• _Action item_
Somewhere below are a line with "Load image into" and a later line with "2000-2008 BMW X5". Output exactly those lines and all lines between them.

• _Material supplied_
+++

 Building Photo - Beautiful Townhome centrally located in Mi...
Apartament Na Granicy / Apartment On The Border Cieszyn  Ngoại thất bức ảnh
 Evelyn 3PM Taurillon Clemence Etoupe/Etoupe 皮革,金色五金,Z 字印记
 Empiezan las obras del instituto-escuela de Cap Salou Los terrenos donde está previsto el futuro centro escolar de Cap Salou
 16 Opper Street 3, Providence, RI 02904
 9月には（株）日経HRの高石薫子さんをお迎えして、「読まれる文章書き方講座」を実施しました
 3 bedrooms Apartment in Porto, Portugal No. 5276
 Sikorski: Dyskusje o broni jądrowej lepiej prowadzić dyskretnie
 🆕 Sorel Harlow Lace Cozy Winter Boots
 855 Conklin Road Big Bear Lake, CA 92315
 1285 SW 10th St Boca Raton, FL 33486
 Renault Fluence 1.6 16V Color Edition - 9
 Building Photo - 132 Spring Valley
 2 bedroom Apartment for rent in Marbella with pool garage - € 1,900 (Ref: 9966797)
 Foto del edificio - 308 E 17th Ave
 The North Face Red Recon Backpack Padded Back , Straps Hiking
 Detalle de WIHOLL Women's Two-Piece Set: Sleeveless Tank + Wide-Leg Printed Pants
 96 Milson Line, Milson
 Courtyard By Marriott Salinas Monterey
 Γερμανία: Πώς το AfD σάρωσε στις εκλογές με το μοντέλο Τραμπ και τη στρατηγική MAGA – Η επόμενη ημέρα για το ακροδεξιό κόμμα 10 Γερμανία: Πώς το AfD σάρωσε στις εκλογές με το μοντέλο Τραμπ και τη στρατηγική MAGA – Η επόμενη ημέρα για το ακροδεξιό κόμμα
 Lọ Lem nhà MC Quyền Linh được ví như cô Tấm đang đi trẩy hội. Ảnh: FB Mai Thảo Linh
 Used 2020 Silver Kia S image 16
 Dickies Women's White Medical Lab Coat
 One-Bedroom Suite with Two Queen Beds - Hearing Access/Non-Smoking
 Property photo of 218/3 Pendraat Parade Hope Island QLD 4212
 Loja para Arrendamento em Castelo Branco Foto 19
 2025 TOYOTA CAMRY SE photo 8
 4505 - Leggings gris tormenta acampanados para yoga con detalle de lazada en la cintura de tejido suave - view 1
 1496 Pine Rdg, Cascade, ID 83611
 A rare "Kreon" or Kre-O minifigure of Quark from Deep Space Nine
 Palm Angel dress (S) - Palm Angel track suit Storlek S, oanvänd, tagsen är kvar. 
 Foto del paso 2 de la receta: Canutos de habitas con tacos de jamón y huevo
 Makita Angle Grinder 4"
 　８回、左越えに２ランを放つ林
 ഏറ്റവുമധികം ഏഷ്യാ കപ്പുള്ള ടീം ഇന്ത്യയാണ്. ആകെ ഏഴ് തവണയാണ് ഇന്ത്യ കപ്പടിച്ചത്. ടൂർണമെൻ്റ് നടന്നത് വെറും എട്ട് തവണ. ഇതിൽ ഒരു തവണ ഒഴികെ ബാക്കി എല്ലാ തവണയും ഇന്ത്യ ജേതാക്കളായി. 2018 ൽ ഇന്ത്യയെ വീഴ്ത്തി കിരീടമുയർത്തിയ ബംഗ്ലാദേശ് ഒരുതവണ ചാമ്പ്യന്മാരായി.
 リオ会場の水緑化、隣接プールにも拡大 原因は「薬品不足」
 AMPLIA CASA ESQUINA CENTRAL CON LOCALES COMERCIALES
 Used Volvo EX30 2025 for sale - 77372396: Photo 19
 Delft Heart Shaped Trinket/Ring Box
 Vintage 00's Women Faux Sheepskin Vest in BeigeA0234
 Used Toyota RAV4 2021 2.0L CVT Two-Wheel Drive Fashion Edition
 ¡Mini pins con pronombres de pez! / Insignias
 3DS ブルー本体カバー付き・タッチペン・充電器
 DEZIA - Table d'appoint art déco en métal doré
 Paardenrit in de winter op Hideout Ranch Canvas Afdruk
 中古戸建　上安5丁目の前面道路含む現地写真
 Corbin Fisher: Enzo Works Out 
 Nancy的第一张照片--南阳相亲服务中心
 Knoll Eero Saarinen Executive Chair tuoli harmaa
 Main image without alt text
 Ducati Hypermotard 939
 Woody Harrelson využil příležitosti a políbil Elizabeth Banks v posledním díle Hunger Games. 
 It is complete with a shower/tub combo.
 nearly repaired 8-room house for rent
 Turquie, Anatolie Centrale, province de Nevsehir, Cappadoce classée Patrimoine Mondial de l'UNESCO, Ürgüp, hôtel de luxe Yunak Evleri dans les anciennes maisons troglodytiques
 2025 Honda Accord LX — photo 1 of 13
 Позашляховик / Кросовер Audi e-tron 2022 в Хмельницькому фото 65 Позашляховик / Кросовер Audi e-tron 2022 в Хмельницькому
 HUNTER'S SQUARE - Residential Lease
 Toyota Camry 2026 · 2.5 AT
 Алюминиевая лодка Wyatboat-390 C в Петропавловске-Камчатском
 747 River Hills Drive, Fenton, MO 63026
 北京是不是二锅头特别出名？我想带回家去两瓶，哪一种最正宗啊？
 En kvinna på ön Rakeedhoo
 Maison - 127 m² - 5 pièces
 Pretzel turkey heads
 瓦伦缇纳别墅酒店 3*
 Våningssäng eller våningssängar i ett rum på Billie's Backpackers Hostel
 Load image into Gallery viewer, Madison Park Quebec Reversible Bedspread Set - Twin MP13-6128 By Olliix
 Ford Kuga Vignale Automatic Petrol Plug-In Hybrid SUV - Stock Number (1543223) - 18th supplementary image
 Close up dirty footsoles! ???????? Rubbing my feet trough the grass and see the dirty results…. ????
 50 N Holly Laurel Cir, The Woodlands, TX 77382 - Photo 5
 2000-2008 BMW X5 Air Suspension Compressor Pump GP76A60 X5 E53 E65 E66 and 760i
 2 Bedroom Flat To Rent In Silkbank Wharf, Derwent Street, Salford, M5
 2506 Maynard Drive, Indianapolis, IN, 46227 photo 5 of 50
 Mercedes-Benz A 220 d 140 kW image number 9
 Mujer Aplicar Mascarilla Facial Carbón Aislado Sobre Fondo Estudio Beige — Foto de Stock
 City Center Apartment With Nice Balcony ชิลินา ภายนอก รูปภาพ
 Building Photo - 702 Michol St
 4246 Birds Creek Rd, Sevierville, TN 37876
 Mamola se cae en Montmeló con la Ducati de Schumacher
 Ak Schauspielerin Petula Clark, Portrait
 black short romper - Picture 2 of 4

+++

• _Task solution_
 Load image into Gallery viewer, Madison Park Quebec Reversible Bedspread Set - Twin MP13-6128 By Olliix
 Ford Kuga Vignale Automatic Petrol Plug-In Hybrid SUV - Stock Number (1543223) - 18th supplementary image
 Close up dirty footsoles! ???????? Rubbing my feet trough the grass and see the dirty results…. ????
 50 N Holly Laurel Cir, The Woodlands, TX 77382 - Photo 5
 2000-2008 BMW X5 Air Suspension Compressor Pump GP76A60 X5 E53 E65 E66 and 760i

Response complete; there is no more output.